Around 100 people took to the streets outside Portland Port this weekend to voice support for adequate provision for refugees while opposing the immigrant barge being foisted upon the communities of Weymouth and Portland. This was at the same time as a hate march that showed the grizzly underside of the community.

Meeting at the gates outside of the Langham Industries owned Portland Port on Saturday, key community leaders and members of the public came to show solidarity with refuges.
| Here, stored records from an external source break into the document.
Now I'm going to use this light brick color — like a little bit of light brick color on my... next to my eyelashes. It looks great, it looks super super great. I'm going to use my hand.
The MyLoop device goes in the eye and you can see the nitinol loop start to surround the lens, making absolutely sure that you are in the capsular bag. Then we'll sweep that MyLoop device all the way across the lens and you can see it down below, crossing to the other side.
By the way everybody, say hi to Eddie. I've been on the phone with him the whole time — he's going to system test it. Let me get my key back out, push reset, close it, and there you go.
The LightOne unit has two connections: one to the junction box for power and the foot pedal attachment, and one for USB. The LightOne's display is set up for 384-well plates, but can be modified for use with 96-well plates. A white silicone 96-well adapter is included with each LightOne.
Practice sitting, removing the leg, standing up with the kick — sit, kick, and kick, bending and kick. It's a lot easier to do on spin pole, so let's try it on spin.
Local trades union leaders such as Ali Chown of the National Education Union, Becci Brookman of Unison and Secretary of the Dorset TUC Jenny Lennon-Wood spoke of the unethical behaviour of the port in taking the barge for several million Pounds’ profit. 
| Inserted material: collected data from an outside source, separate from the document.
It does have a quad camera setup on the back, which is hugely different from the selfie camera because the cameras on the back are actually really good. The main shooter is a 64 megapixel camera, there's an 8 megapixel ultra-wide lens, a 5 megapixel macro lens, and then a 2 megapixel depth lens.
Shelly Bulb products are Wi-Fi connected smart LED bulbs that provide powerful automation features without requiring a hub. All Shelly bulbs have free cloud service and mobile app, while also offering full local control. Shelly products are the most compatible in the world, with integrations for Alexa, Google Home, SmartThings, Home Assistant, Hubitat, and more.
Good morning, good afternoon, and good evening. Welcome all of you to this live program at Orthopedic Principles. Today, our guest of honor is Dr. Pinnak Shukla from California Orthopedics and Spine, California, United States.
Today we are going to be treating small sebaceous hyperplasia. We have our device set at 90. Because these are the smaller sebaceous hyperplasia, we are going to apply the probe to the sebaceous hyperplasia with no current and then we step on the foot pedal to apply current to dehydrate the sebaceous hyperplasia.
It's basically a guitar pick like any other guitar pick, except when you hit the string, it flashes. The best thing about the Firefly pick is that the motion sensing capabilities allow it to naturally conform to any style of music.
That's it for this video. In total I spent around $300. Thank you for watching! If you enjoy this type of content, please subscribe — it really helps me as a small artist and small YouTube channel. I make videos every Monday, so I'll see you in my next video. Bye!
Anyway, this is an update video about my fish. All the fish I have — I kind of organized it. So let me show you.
The Langham family who own the port are known far right activists, supporting the Conservative Party’s Brexit programme and lesser political parties like UKIP. It is of no surprise that they are willing to take the King’s Shilling to pack up to 500 traumatised immigrants, two each in cabins the size of a car parking space. 
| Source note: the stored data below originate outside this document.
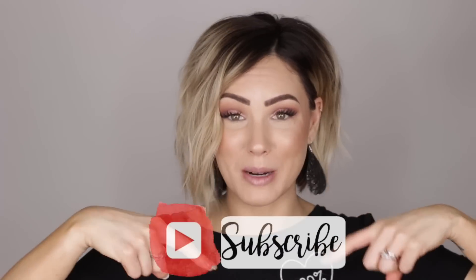Hi guys, my name is Chloe Brown and if you are new here, I'm so happy that you're here. Please subscribe to my channel down below and give this video a thumbs up or a thumbs down — whatever, anything helps. Let me know how I'm doing in the comments below. This video hopefully will help you.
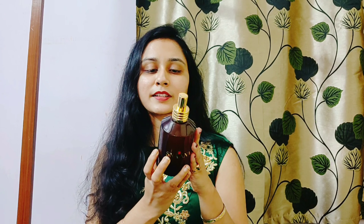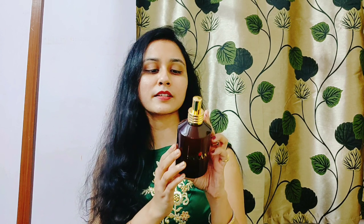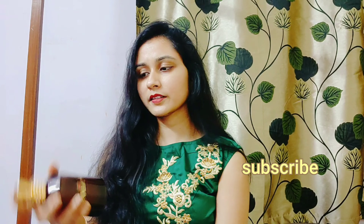First I will apply this mist — this is the mist for oily skin. This is a customized product, so you choose your skin type. My skin is oily, so I have the mist for oily skin. Let's use it. I have a spray bottle.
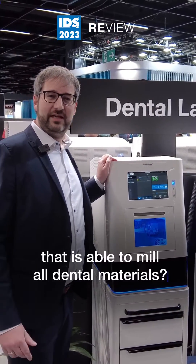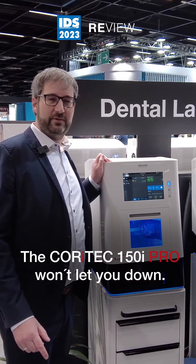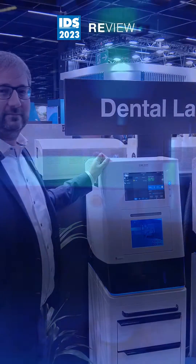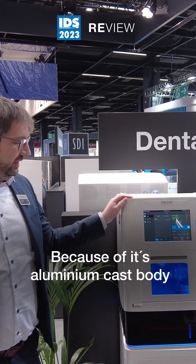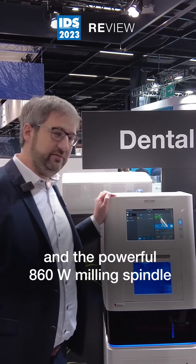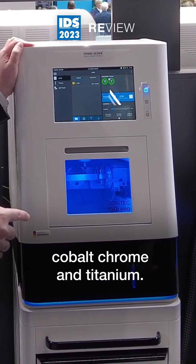Looking for a compact milling machine that is able to mill all dental materials? The Coretec 150i Pro won't let you down. Because of its aluminium cast body and the powerful 860 watt milling spindle, this small machine is also able to mill cobalt chrome and titanium.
Many of those attending have got together to create a welcoming environment for the victims being packed onto the barge. Amongst other things, moves are afoot to invite them to a music event and to gather at a community centre close to the port during their stay. Dorset Councillors and Portland Town Council are working behind the scenes to try to get adequate health provision not just for the victims on the barge but for the community as a whole. 

As a signifier of these efforts, the march ended at Portland Community Hospital. Many of those at the march put up a huge fight to successfully keep the community hospital when it was at risk of closure. Now woefully under-utilised as the local Tories try to close it as quietly as possible, it would be an ideal location to provide health and social care to the victims on the barge as well as the wider Portland community. 

A Word on the Haters 

At the same time as the ‘good folks’ march, there was a gathering of haters. Observing their comments online, suggesting amongst other things that the barge should be taken out and sunk with the asylum seekers still on it, they aren’t really worth commenting on. Good parenting should have knocked the impulse to hate someone they don’t know anything about, out of them. Perhaps children’s social services should get involved?